_To do_. Leaving out all pictures, write out word for word the lines from the one containing "Белый Хендай Соната, объемом" to the end of the data below.

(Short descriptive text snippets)
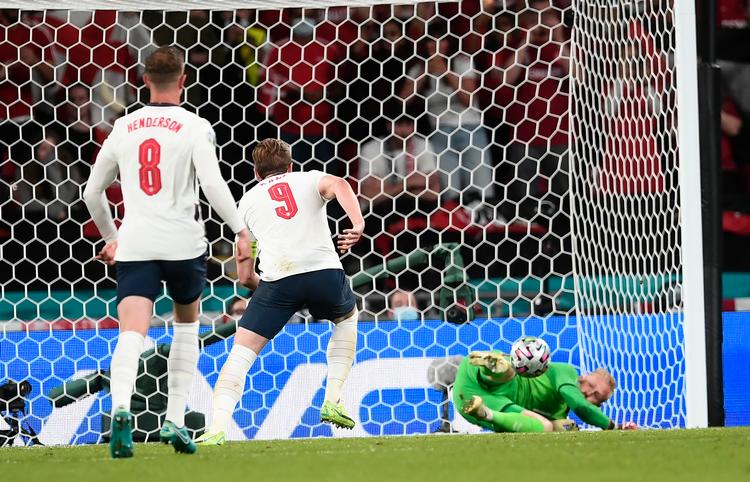 Kasper Schmeichel reddede straffesparket fra Harry Kane. Angriberen scorede dog på riposten og afgjorde semifinalen i EM 2021 til engelsk fordel. Foto: Lars Poulsen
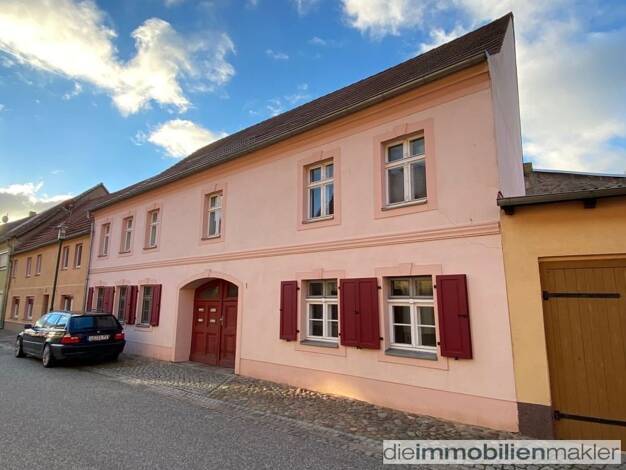 Mehrfamilienhaus zum Kauf als Kapitalanlage geeignet 289.000 € 8 Zimmer 191 m² 352 m² Grundstück Gartenstraße 1 Luckau 15926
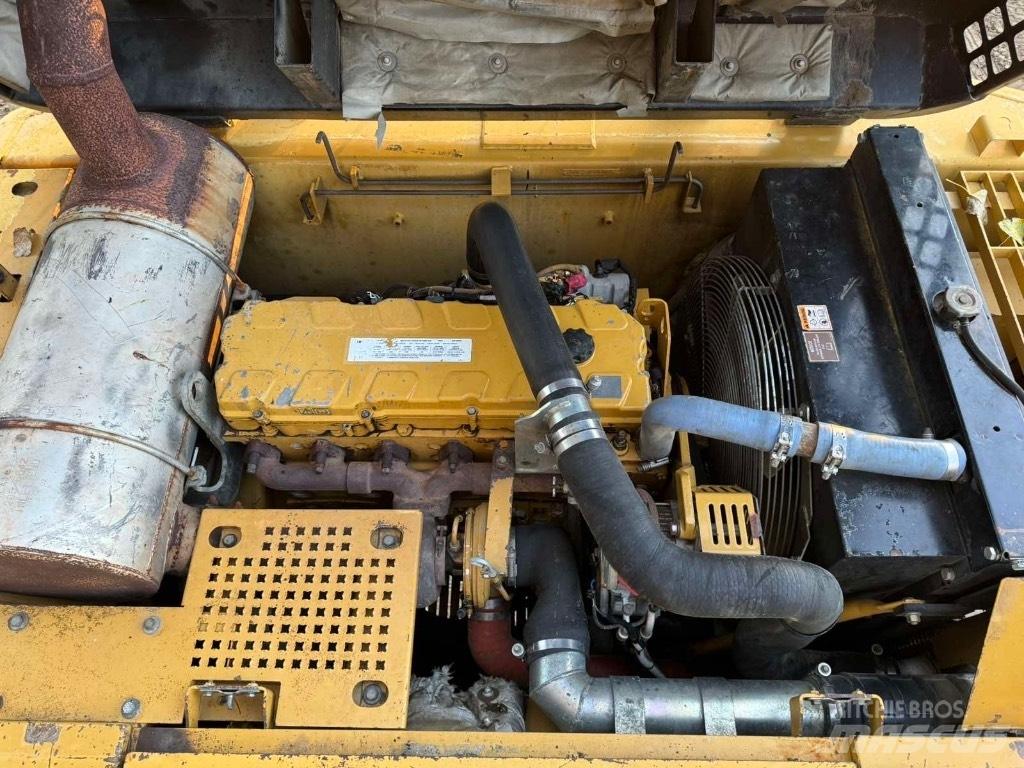 CAT 330CL Bandgrävare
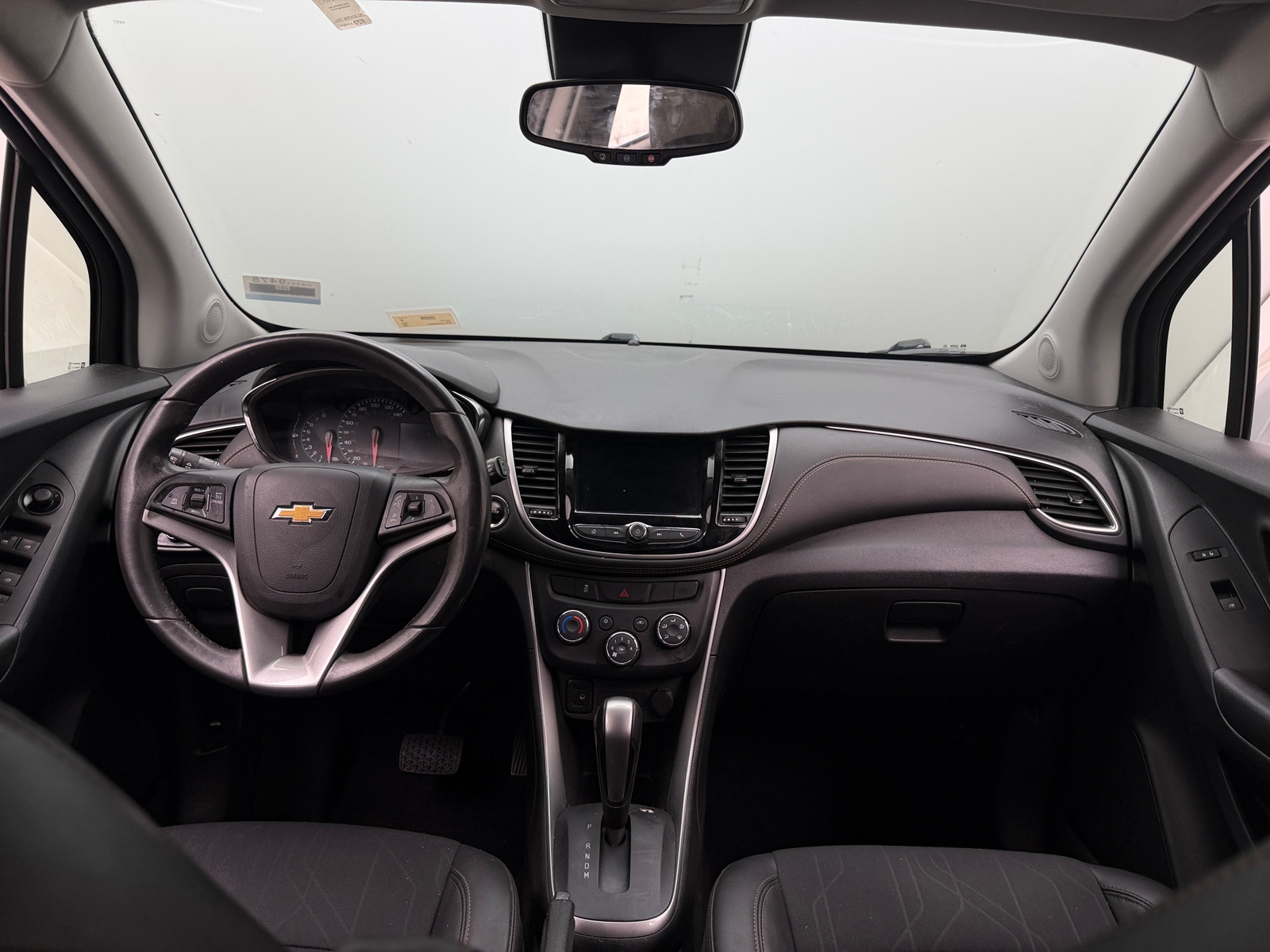 Thumbnail: 2022 Chevrolet Trax - 3
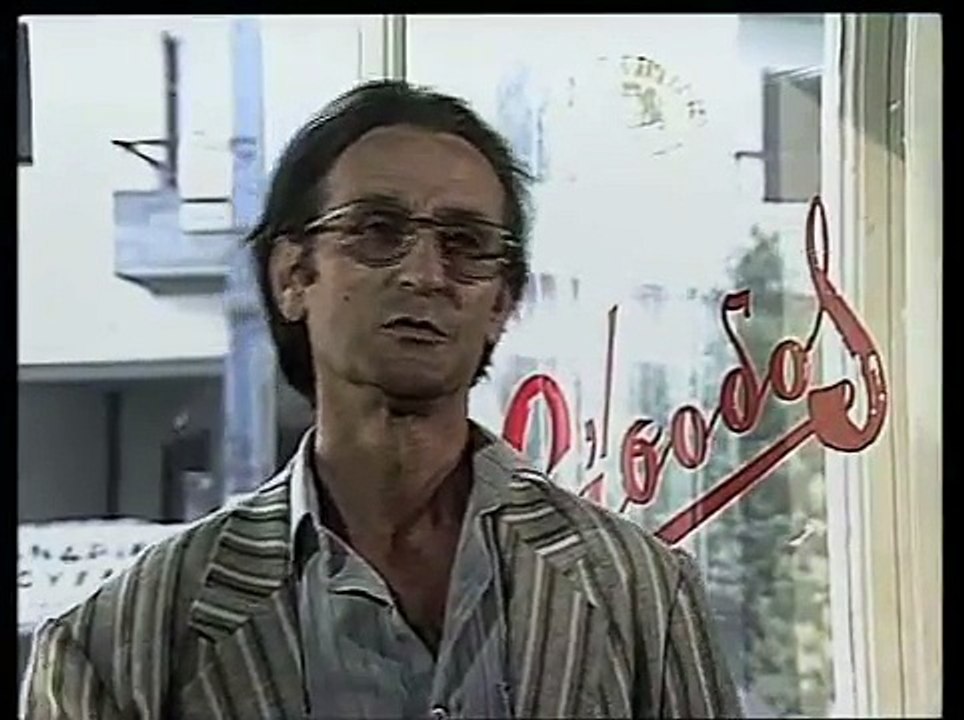 Ο ΜΟΥΣΤΑΚΑΣ ΜΑΖΕΥΕΙ ΚΟΣΜΟ ΓΙΑ ΤΟ ΤΡΕΛΑΔΙΚΟ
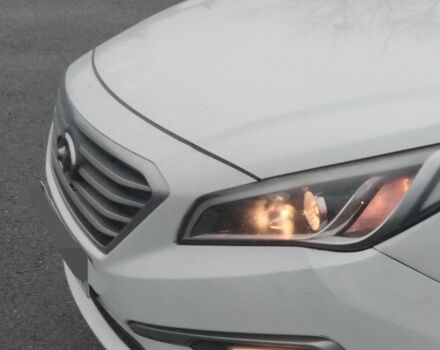 Белый Хендай Соната, объемом двигателя 2 л и пробегом 555 тыс. км за 7500 $, фото 2 на Automoto.ua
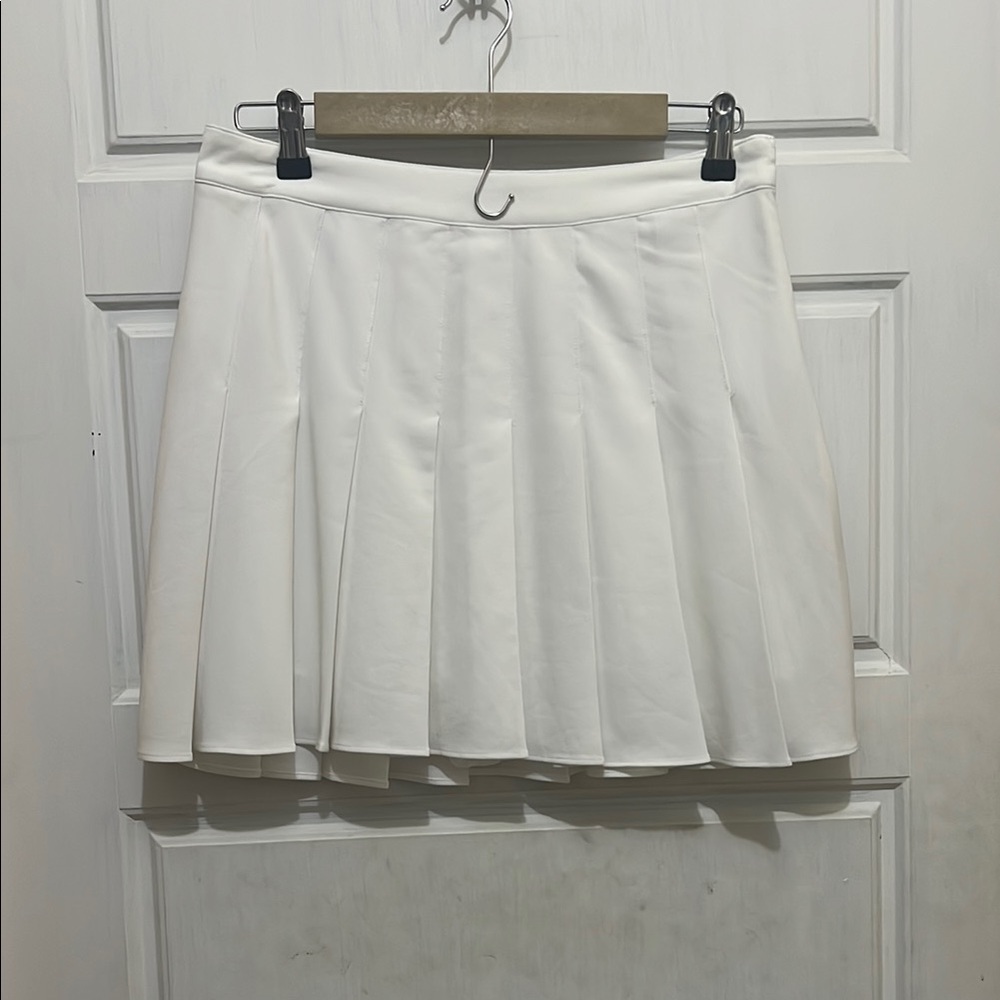 Elegant White Pleated Skirt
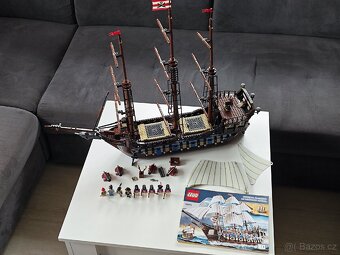 LEGO 10210 Imperial Flagship - 4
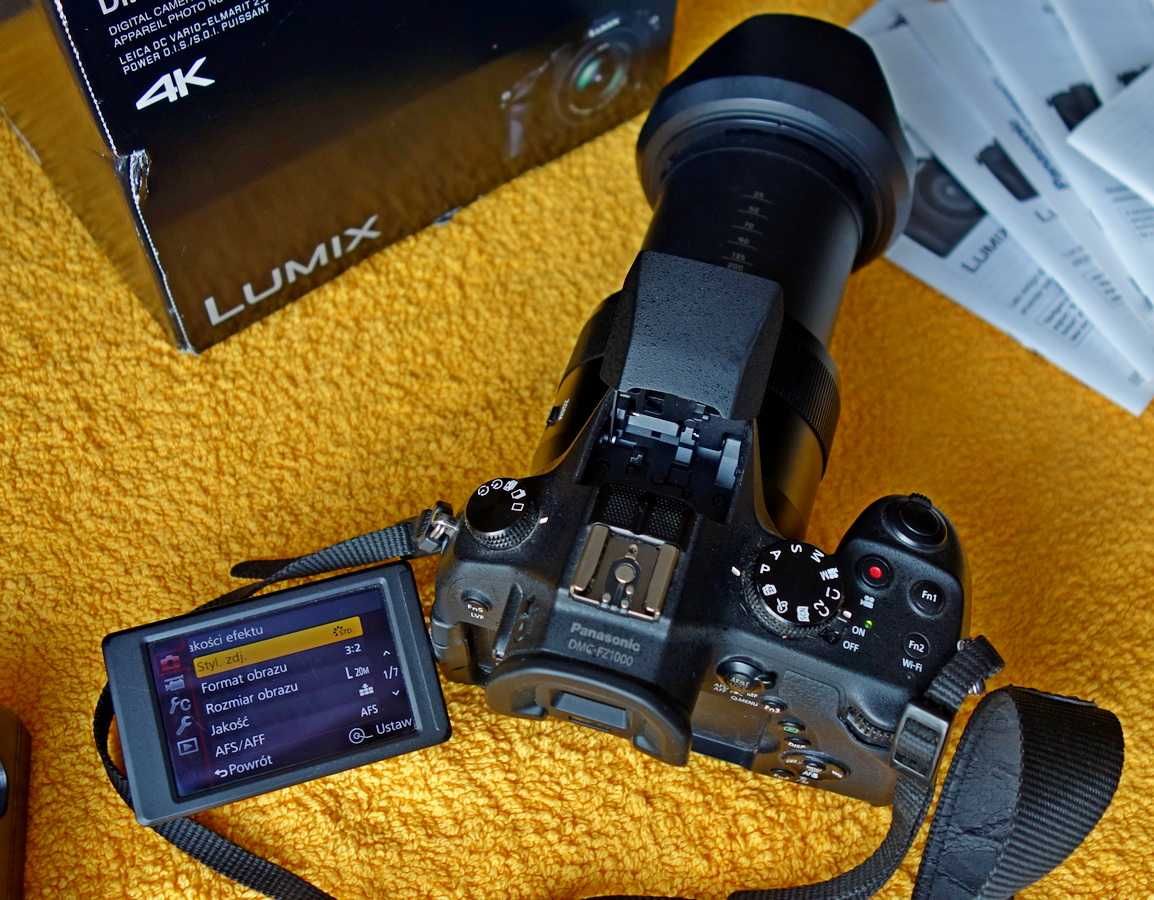 Aparat Panasonic FZ-1000 stan idealny.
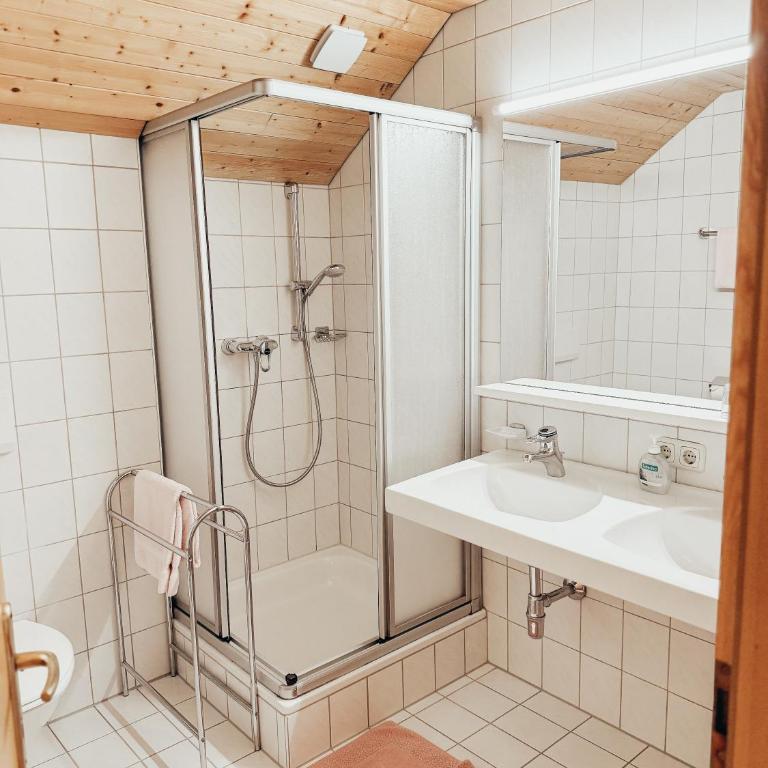 Alpenquartier Montafon - Apartment mit 2 Schlafzimmern und Bergblick - 6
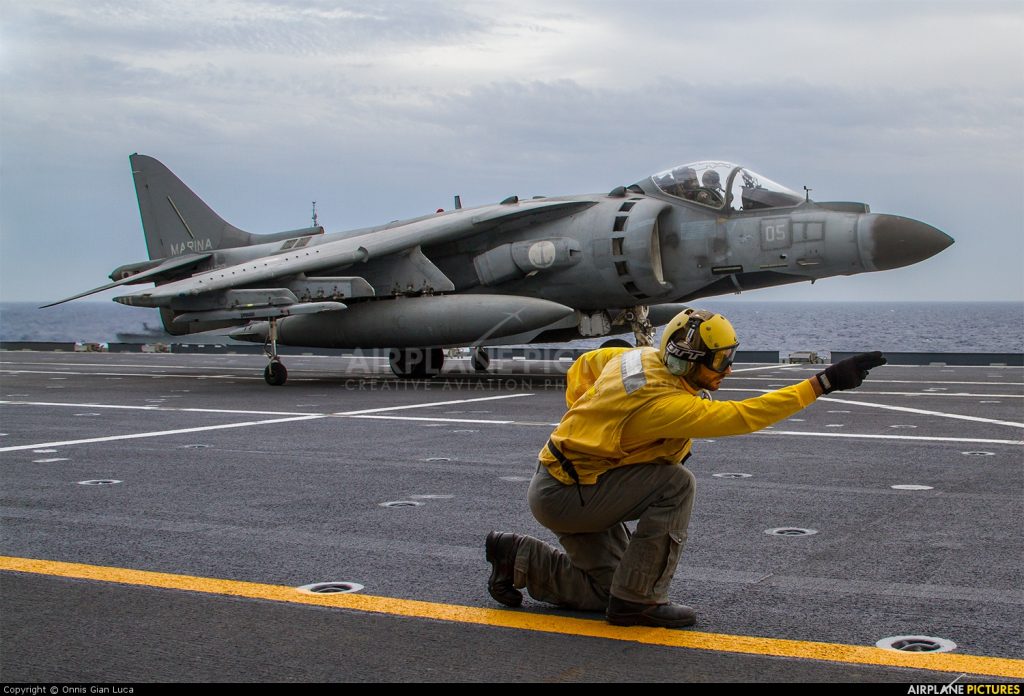 Μεσόγειος: Ιταλικό AV-8B επιχειρεί  από το USS Kearsarge (βίντεο)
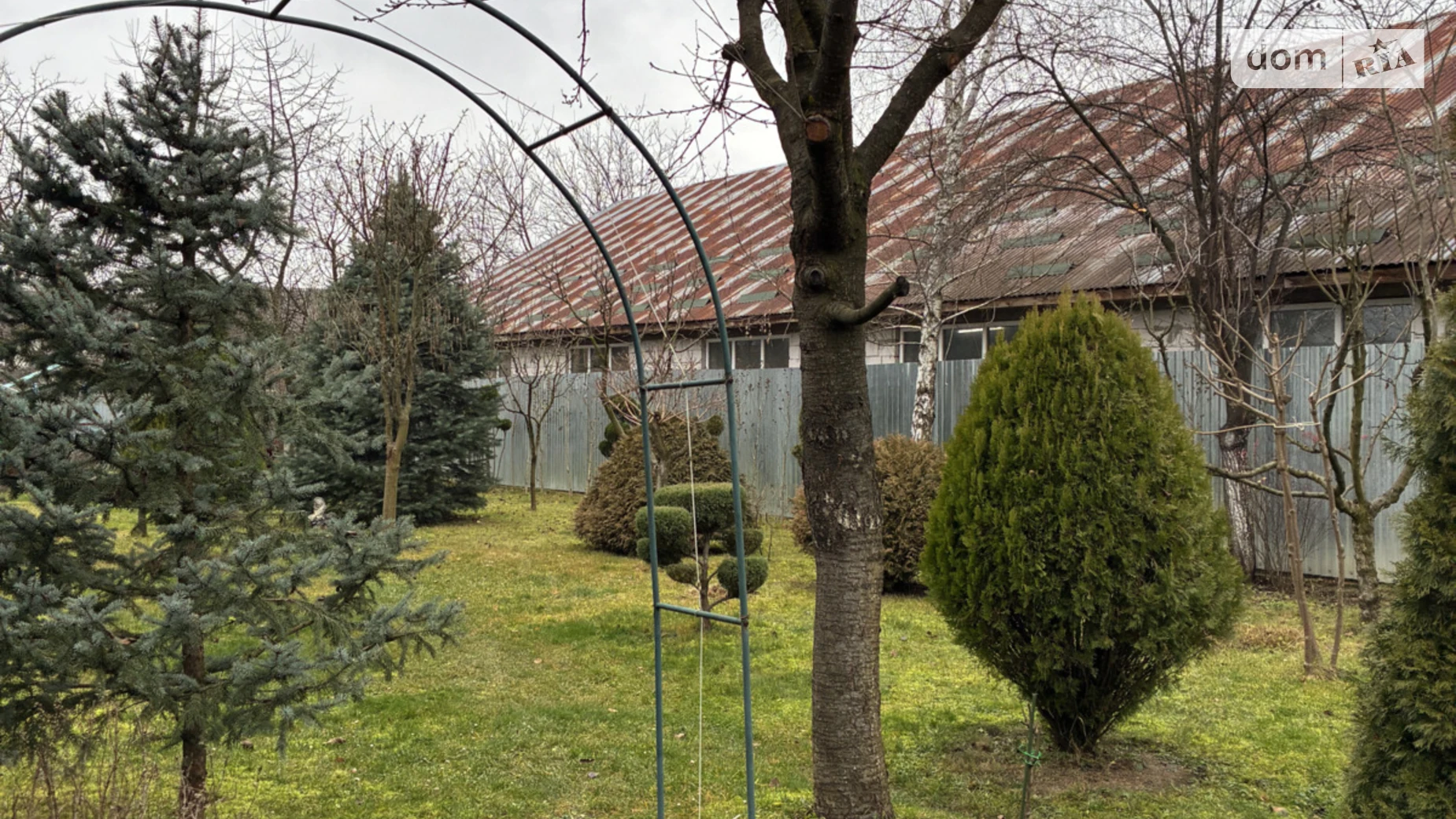 Продается дом на 2 этажа 223.4 кв. м с балконом, цена: 155000 € - фото 2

_Result of this exercise_.
 Белый Хендай Соната, объемом двигателя 2 л и пробегом 555 тыс. км за 7500 $, фото 2 на Automoto.ua
 Elegant White Pleated Skirt
 LEGO 10210 Imperial Flagship - 4
 Aparat Panasonic FZ-1000 stan idealny.
 Alpenquartier Montafon - Apartment mit 2 Schlafzimmern und Bergblick - 6
 Μεσόγειος: Ιταλικό AV-8B επιχειρεί  από το USS Kearsarge (βίντεο)
 Продается дом на 2 этажа 223.4 кв. м с балконом, цена: 155000 € - фото 2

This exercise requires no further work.